Nathan Nicholovitch :


« Notre histoire commune est faite de migrations,

on en trouve trace dans nos ADN à tous »


L’Atelier aux Dos Tournés, est invité par Autrement, ATD-Quart Monde et Nogent-Terre d’Accueil, pour des représentations les 20 et 21 janvier prochains de leur création collective « Your Position » sur le thème des migrants.  Nous avons interrogé Nathan Nicholovitch, le metteur en scène (par courriel le 10/01/2018).

Vous avez réalisé deux films de fiction de long métrage,  Casa Nostra (2013) et De l’ombre il y a (2018). Avec Your Position est-ce votre première incursion dans le domaine du théâtre ? Vous avez mis en place l’Atelier aux Dos Tournés avec des partenaires avec lesquels vous avez travaillé pour le cinéma. Pouvez-vous nous dire comment est né ce collectif et pourquoi l’avoir dénommé « atelier » ?


Mon travail de cinéaste se construit conjointement à la mise en scène pour le théâtre.
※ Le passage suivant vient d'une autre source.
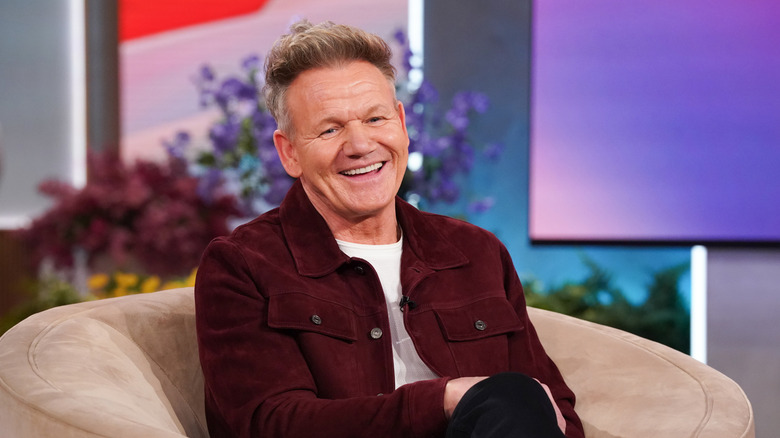 Gordon Ramsay smiling and sitting in chair on talk show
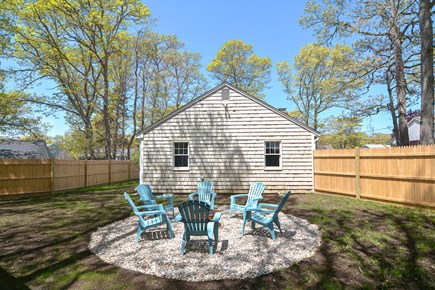Centerville Cape Cod vacation rental - Fenced in yard with fire pit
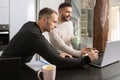 Gay couple working together at home with their laptops. Royalty Free Stock Photo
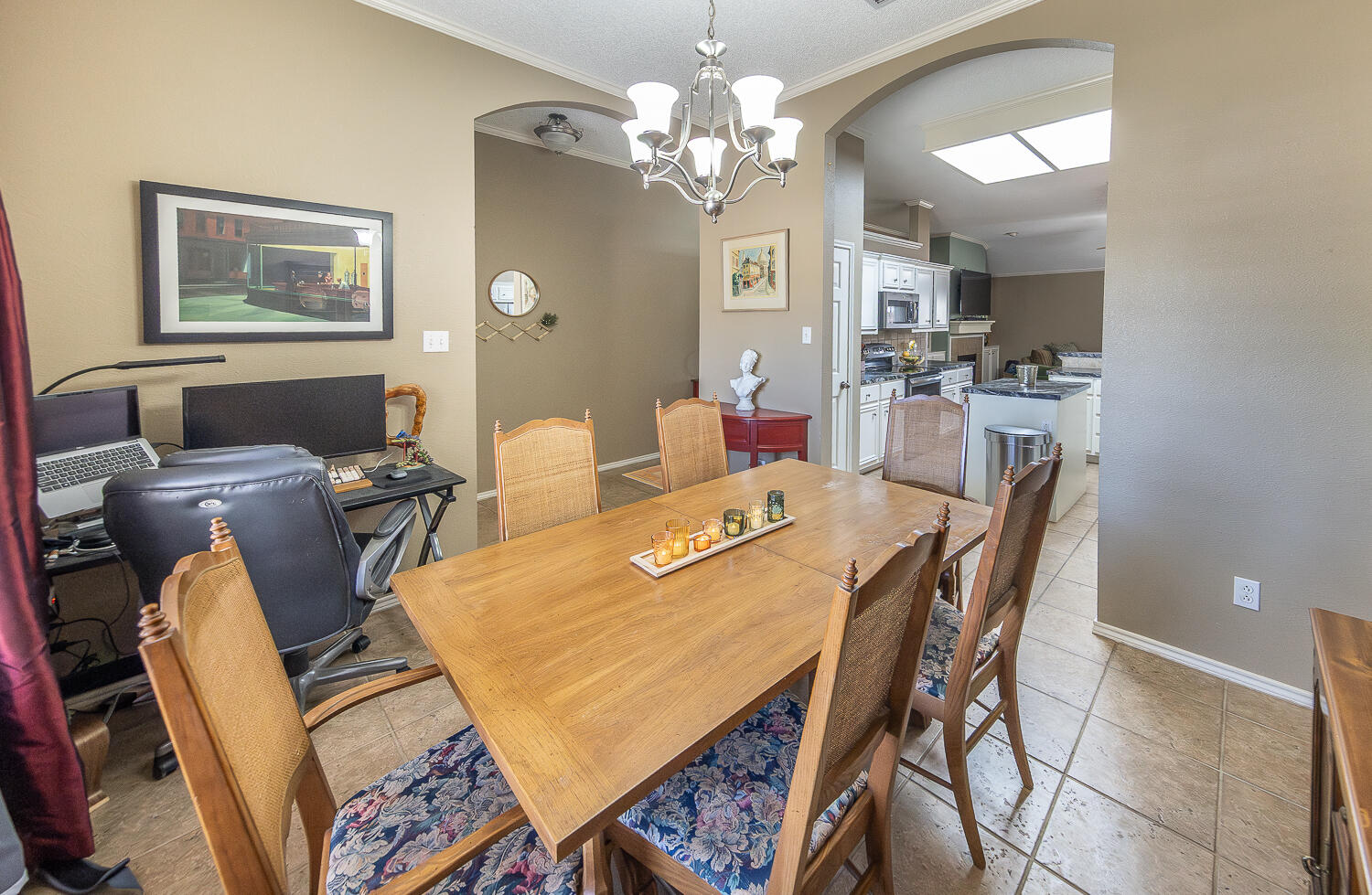 6901 9th Street Lubbock, TX 79416 - Photo 22 of 27 a view of a dining room with furniture and a chandelier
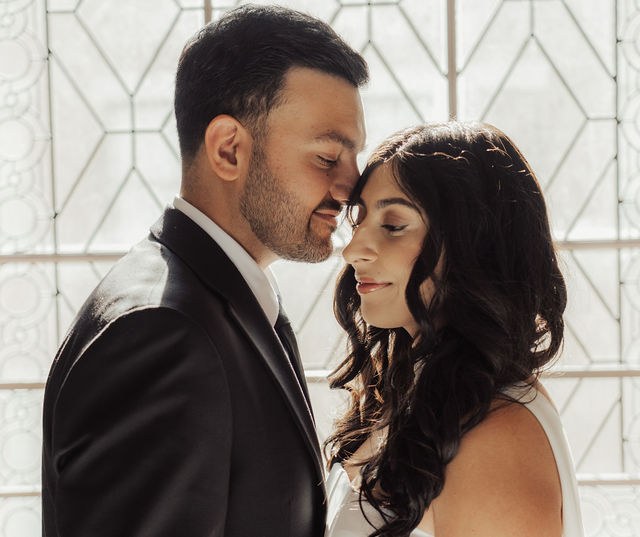 Alisha and Sean in a close portrait by patterned glass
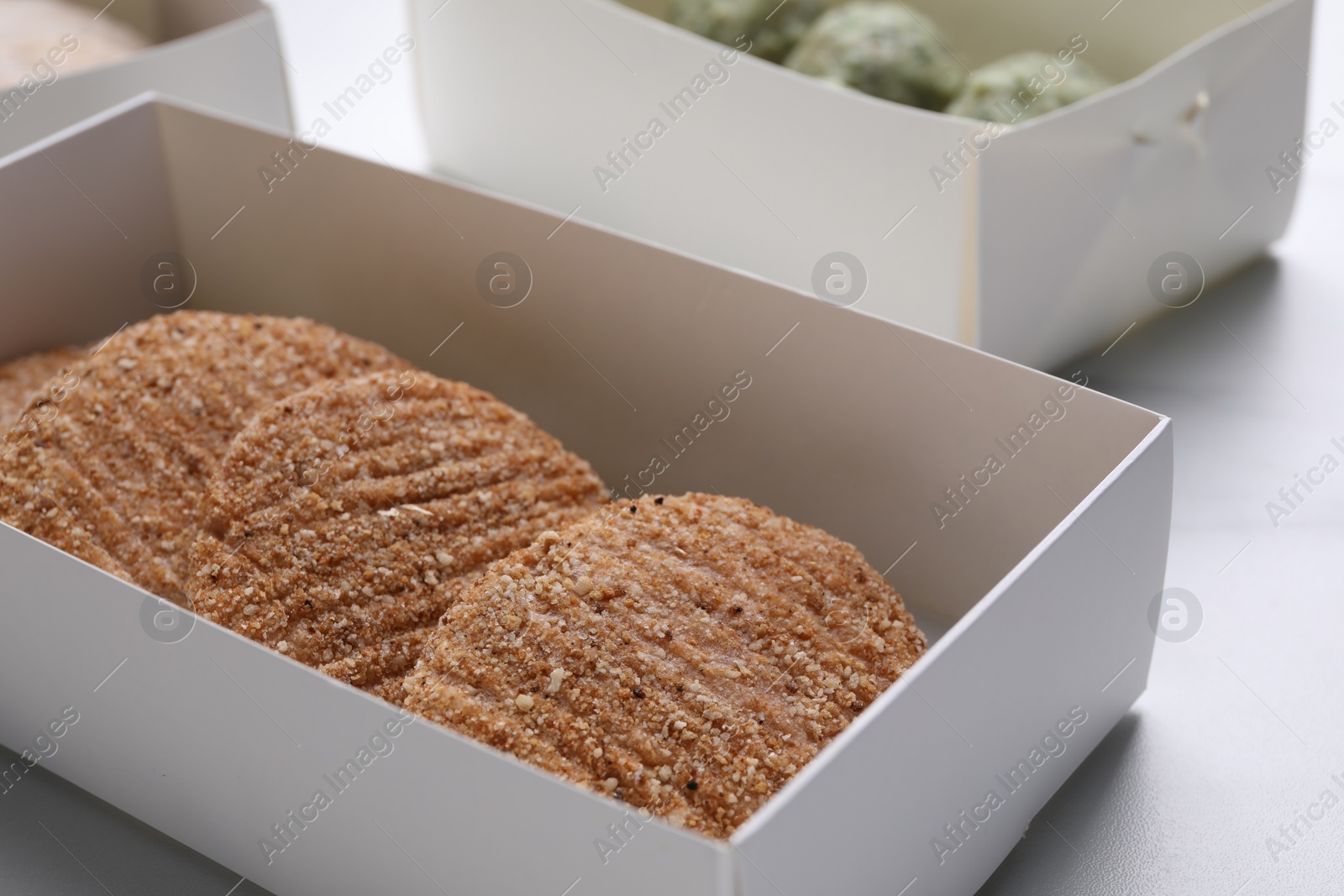 Photo of Raw vegan cutlets with breadcrumbs on white table, closeup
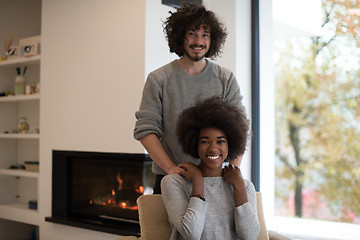 Image showing multiethnic couple hugging in front of fireplace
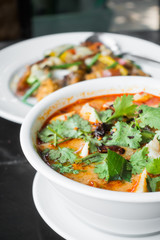 Thai spicy and sour soup with prawn (Tom Yum Goong), popular Thai cuisine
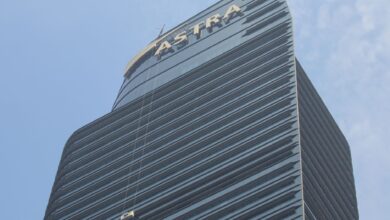 High-rise Astra Tower in Jakarta with window cleaner on a bright day.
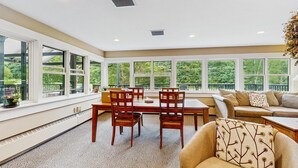 Una habitación iluminada por el sol con una mesa de comedor, sillas, un sofá y ventanas amplias que dan a vistas de vegetación.
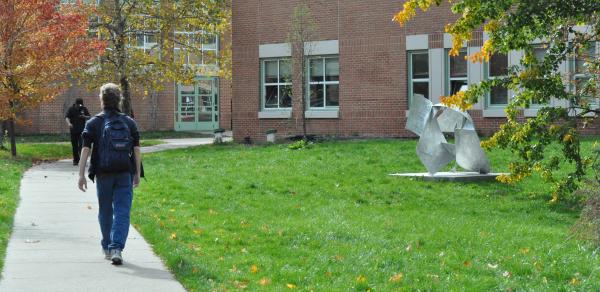 student walking on campus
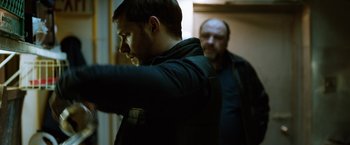 Movie still from “The Drop” (2014), directed by Michaël R. Roskam – A man standing next to another man in a dark room; Medium shot, Over the shoulder angle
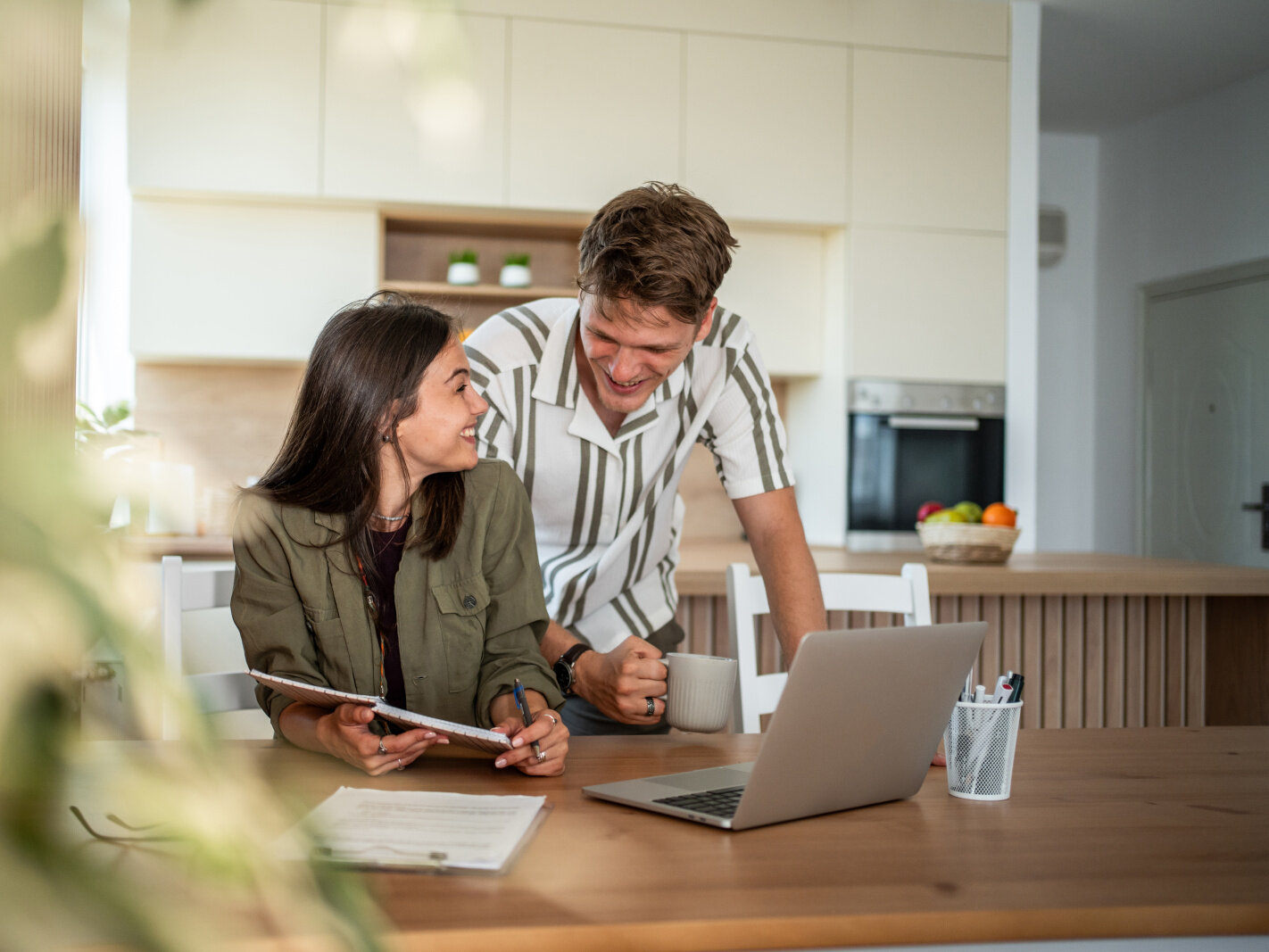 Planning Renovation Project Couple reviewing home renovation plans and project budget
Dans les deux cas, mon désir se trouve toujours au même endroit : être accompagné des comédiens et collaborer avec eux. L'Atelier aux Dos Tournés a été créé il y a une dizaine d'années - au départ c’était un espace d’expérimentation pour pas mal de gens...  On avait en commun cette envie de faire des choses. Il y avait des acteurs débutants, amateurs et d’autres professionnels. Une des choses importantes définie au départ dans cet atelier, c’est qu’il n’y ait pas d’autre objectif que le jeu - seulement l’expérience du jeu. Il n’y avait pas de réalisation de film en vue, pas de pièce de théâtre à produire, ni de représentation quelconque... Nous voulions simplement jouer, trouver des méthodes de jeu et les éprouver sans aucune obligation de résultat. C’était le contrat. Tout le monde apportait des textes, des scènes de cinéma, de théâtre, de la poésie... Mon premier long-métrage, Casa Nostra, est né de cette approche et de cet apprentissage commun. Le désir de mettre en scène pour le théâtre est venu dans sa continuité. En 2011, nous avons produit un premier spectacle : Aux Suivants, puis une seconde proposition en 2012 : Personne n’échappe à son enfance.... Et nous travaillons actuellement sur un nouveau spectacle intitulé SCOP, l’histoire des employés d'une usine de sous-vêtements qui s'organisent collectivement pour sauver leur usine et leurs emplois.


Your Position est donc une « création collective ». Celle-ci a-t-elle fonctionné à toutes les étapes, écriture, mise en scène, jeu… ?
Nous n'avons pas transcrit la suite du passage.